16 junho 2007

As mudanças do ‘The Wall Street Journal’

No ‘DN’ (15/06) refere-se a «nova mudança organizacional» do ‘‘The Wall Street Journal’, apontando a situação em que a nova estrutura contemplará a integração do noticiário impresso e do online. Para além dos aspectos curiosos sobre a possibilidade desta reestruturação obedecer a critérios de rendibilidade, que permitirão preparar a venda do jornal, salienta-se o aumento do preço de 50% no seu preço de capa, o que não é qualquer aumento mitigado, mas um aumento sério, duro mesmo. Já se antevê o que virá a seguir: redistribuição de tarefas, jornalistas a mais, despedimentos, etc.
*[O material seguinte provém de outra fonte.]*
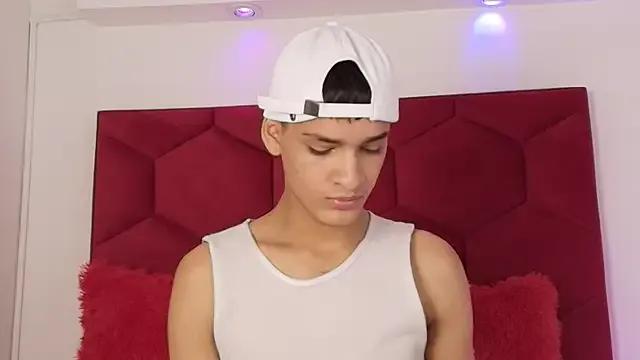 Steven_Parker — show cum+ Finger game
Nada de extraordinário, como o pode comprovar o jornal que, no caso português, de ‘Público’ passou a ‘P’, mudou o grafismo graças a um designer britânico, reduziu alguma da informação impressa ao nível da produzida nos jornais gratuitos, e institucionalizou o perfil do seu «leitor» como um «navegador», aquele que «lê» tanto a versão em papel como a digital, e passa de uma para outra como quem «navega» na Internet passando de imagem a imagem e de conteúdo a conteúdo.
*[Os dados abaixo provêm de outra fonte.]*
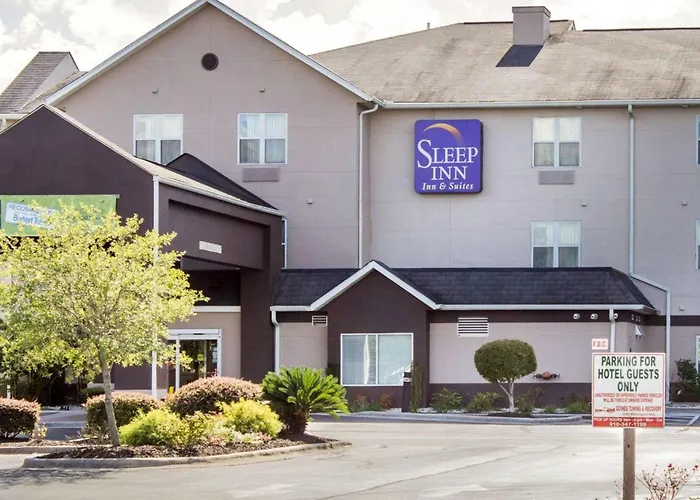 Sleep Inn & Suites Near Camp Lejeune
O que destoa no meio destas grandes viragens nos órgãos de comunicação de massas, é a de, por um lado, no que respeita aos jornais, apregoar-se a sua rápida extinção - do que resulta a necessidade premente da sua súbita conversão -, e, por outro, difundir-se exactamente o seu oposto, o seu crescimento em alguns países - do que resulta não tanto a necessidade de celebrar exéquias, mas a de adaptar toda a indústria a novos paradigmas, do design à «navegabilidade». Quer de um ponto de vista quer de outro, o resultado vai parar ao mesmo, à moda da mudança e da padronização pelo nível mais vendável, pois, do que se trata, no que respeita ao investimento, é do retorno do capital, e neste aspecto, não é propriamente a qualidade que tem a última palavra, mas o poder de atracção que um jornal pode ter junto do público «consumidor» que o paga.
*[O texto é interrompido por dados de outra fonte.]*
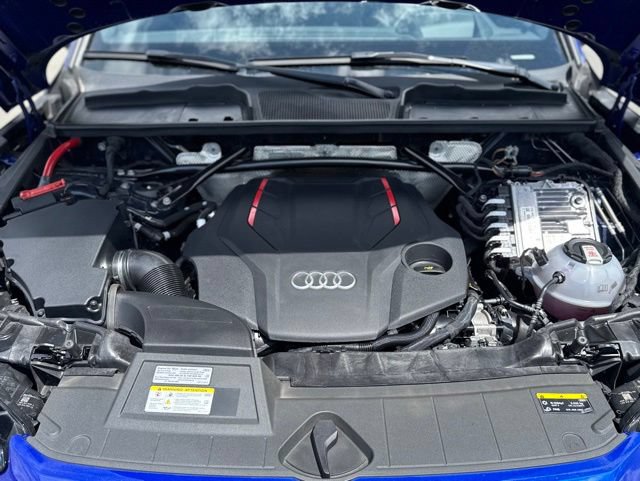 Used 2024 Audi SQ5 Prestige AWD/4WD image 35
Ora, esta atracção continua a ser postulada da mesma forma tradicional que qualquer outro produto, consoante a moda e obedecendo ao velho critério de que tudo se vende, desde que existam compradores. Hoje, é a moda do design, concebido como a quinta-essência de qualquer negócio, bem como o critério de que vale tudo para conseguir a adesão do público consumidor, e que este, por uma razão ou por outra, há-de sempre submeter-se aos ditames da lei do marketing. Supor-se outros critérios, supor-se que um jornal se faz para um determinado público e que só a esse deve prestar contas e submeter-se, já sai da bitola dos manuais. Supor-se que a esse público o jornal deve a qualidade que o fez tornar-se um objecto de consumo imprescindível, e que praticamente nada deve tocar nessa relação tácita entre jornal e público, a não ser o que decorre da sedimentação sempre renovada dessa relação, é injusto para a moda e para os cânones da mudança a todo o custo. Supor-se que a garantia da qualidade - e do retorno do investimento - pode requerer um aumento substancial do preço (o do ‘Wall Street’ é de 50%!) a que o consumidor está habituado a pagar para ter o jornal que reconhece como «seu», é sempre visto como um mal maior a que se recorre quando a concorrência parece alinhar pelo mesmo diapasão. Supor-se que esta sociedade anónima, que ajuda a produzir e a consumir um jornal, tem de assimilar-se a um povo como se este fosse todo ele feito da mesma matéria e qualidade, seria a mesma coisa que pensar-se que, pelo facto de os jornais andarem todos a proceder às suas reestruturações, ficando cada vez mais iguais entre si, também o «leitor» seria uma categoria universal igual em todo o lado, da primeira à última página do jornal, com uma forma indistinta de leitura, e, em última análise, incapaz de discernir sobre o tipo de jornal que prefere, seduzido, como é «natural» que se pense, pela eficácia dos condicionalismos exteriores ao próprio jornal.
Que a qualidade de um jornal diário seja paga por um público exigente disponível para tal, é algo que ainda falta concretizar. Ao invés, fazer passar uma coisa disforme, igual a tantas outras que assim obtêm forma, pela qualidade de conteúdos de referência, é assunto de moda. Em casos específicos, trata-se de uma questão de bolsa.